Talune parti costituite hanno invece richiesto la liquidazione delle spese processuali sulla base dei tariffari vigenti- sia pure in misura ridotta- attesa l'attività istruttoria espletata, per ciascun giudizio, in supplenza dell'organo requirente.
Il Collegio - pur tenendo conto delle motivazioni addotte dalle parti- ritiene tuttavia dissentire dalla posizione sostenuta da ciascuna di esse e ribadire la scelta già fatta nei precedenti giudizi in ragione del fatto che le memorie costitutive hanno un contenuto perfettamente sovrapponibile e identico con quanto rappresentato negli scritti difensivi prodotti negli giudizi già trattati a dimostrazione della serialità e ripetitività degli argomenti trattati, che comporta, ad avviso del collegio, la riduzione significativa della quantificazione delle spese, anche rispetto ai minimi stabiliti dalle tariffe vigenti, così come va pure rigettata la richiesta di "compensazione" formulata dalla procura nelle "note" a verbale, non ravvisando i motivi per l' applicazione della stessa.
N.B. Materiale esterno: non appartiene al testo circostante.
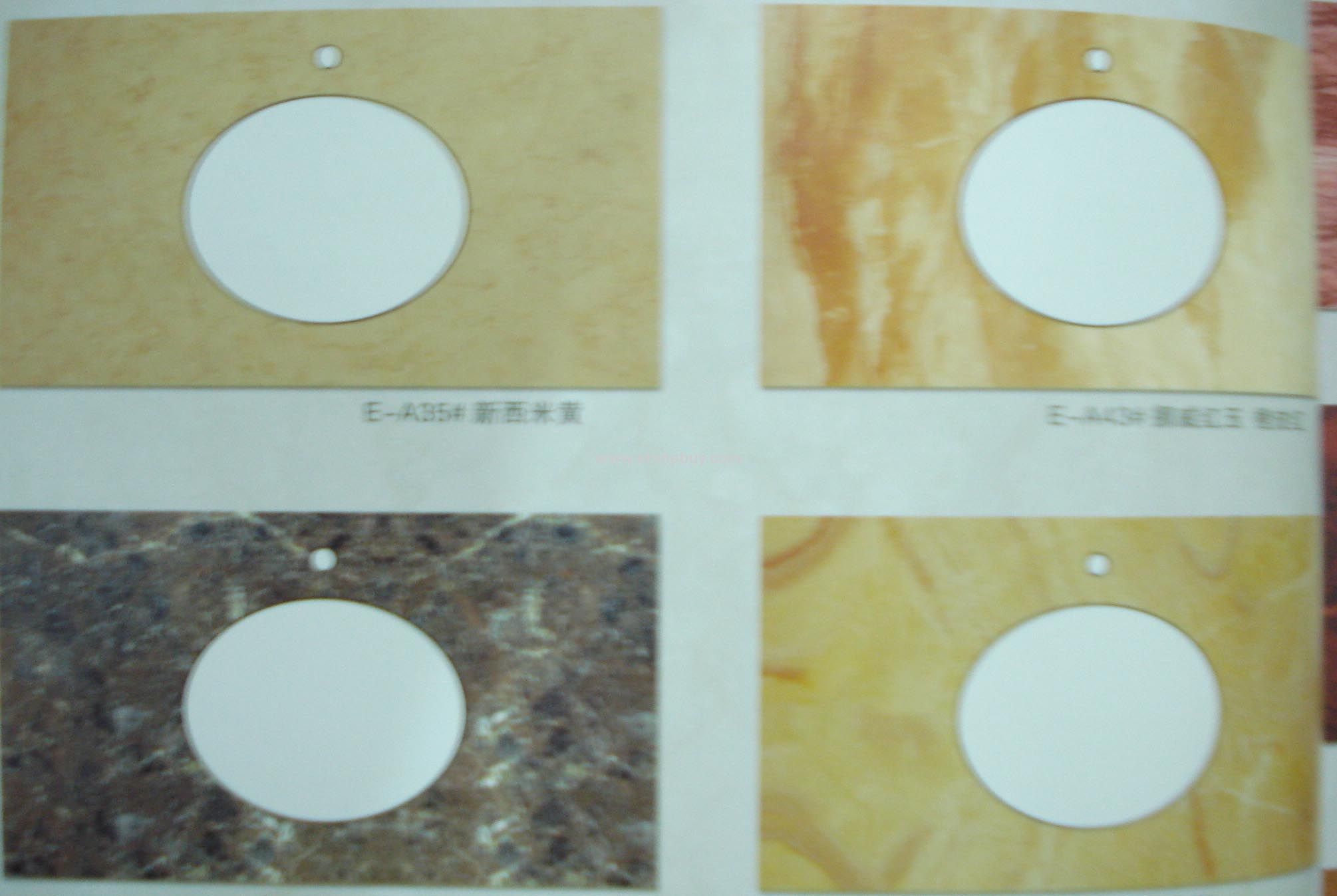 洗手台2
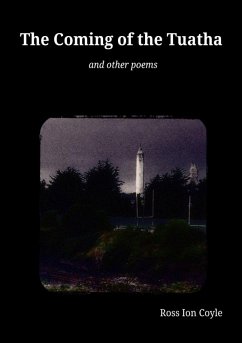 The Coming of the Tuatha - Coyle, Ross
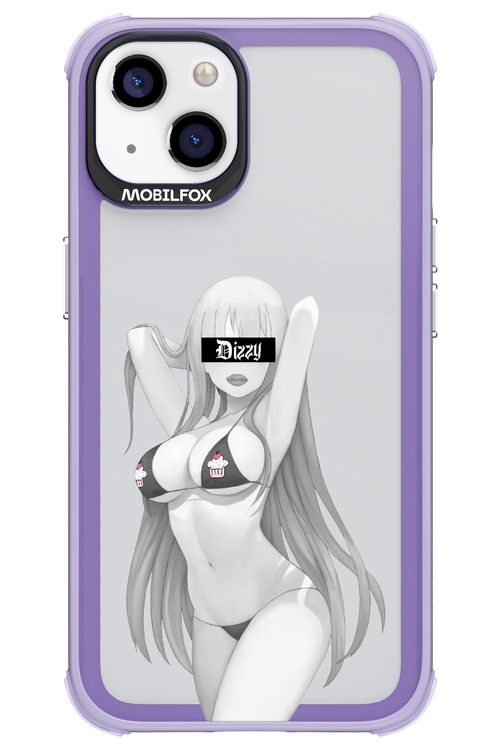 Cupcake Rebel - Apple iPhone 13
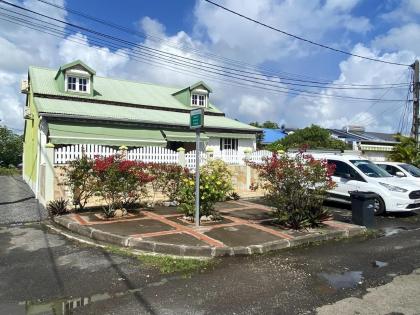 Maison d'une chambre avec wifi a Pointe a Pitre - image 17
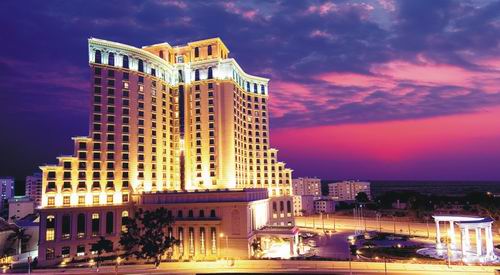 春节一晚过万海南三亚酒店房价超迪拜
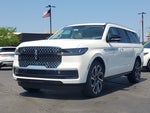 2027 Lincoln Navigator L Reserve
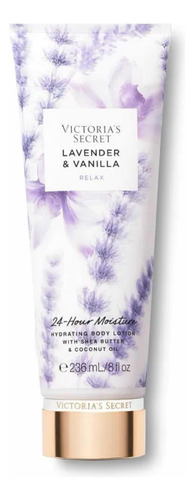 Loción Corporal Lavender Vanilla Victorias Secret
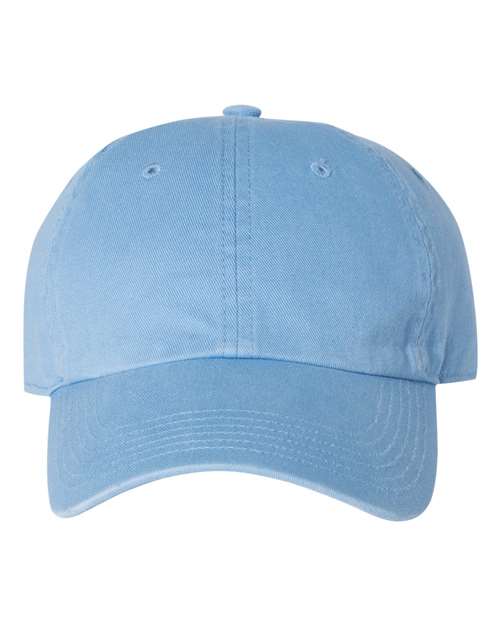 Richardson 320 Washed Dad Hat - Ninja Transfers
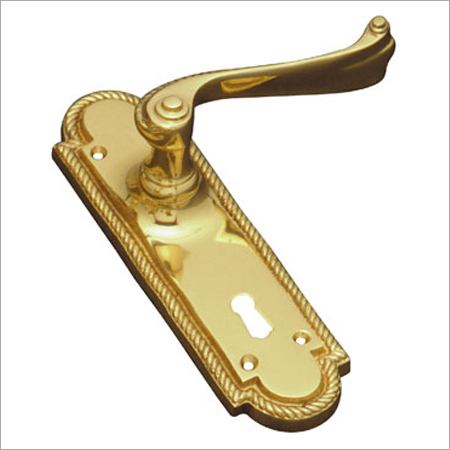 Lever Lock Handle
In definitiva si ritiene equo confermare il compenso professionale per l'attività svolta nel presente giudizio alla stregua del quantum liquidato nei giudizi successivi a quelli definiti con le sentenze 76 e 78 del 2017.
Le spese legali si liquidano quindi nella misura di Euro. 200,00 (duecento/00) a favore di ciascuna parte convenuta.
P.Q.M.
La Corte dei Conti - Sezione giurisdizionale per la Regione Lazio, ogni contraria istanza ed eccezione reiette, definitivamente pronunziando,
DICHIARA:
l'inammissibilità delle note a verbale prodotte in udienza nei sensi e limiti di cui in motivazione;
RIGETTA:
- la domanda del P.R. e, per l'effetto, assolve le parti convenute in epigrafe dalla domanda attrice;
- l'istanza della parte convenuta per l'applicazione dell'art. 96 3 comma c.p.c..
Le spese legali si liquidano nella misura di Euro.200,00 a favore di ciascuna parte convenuta, oltre spese generali, IVA e CAP.
Così deciso in Roma, nella Camera di consiglio del 6 luglio 2017.
Depositata in Cancelleria 3 agosto 2017.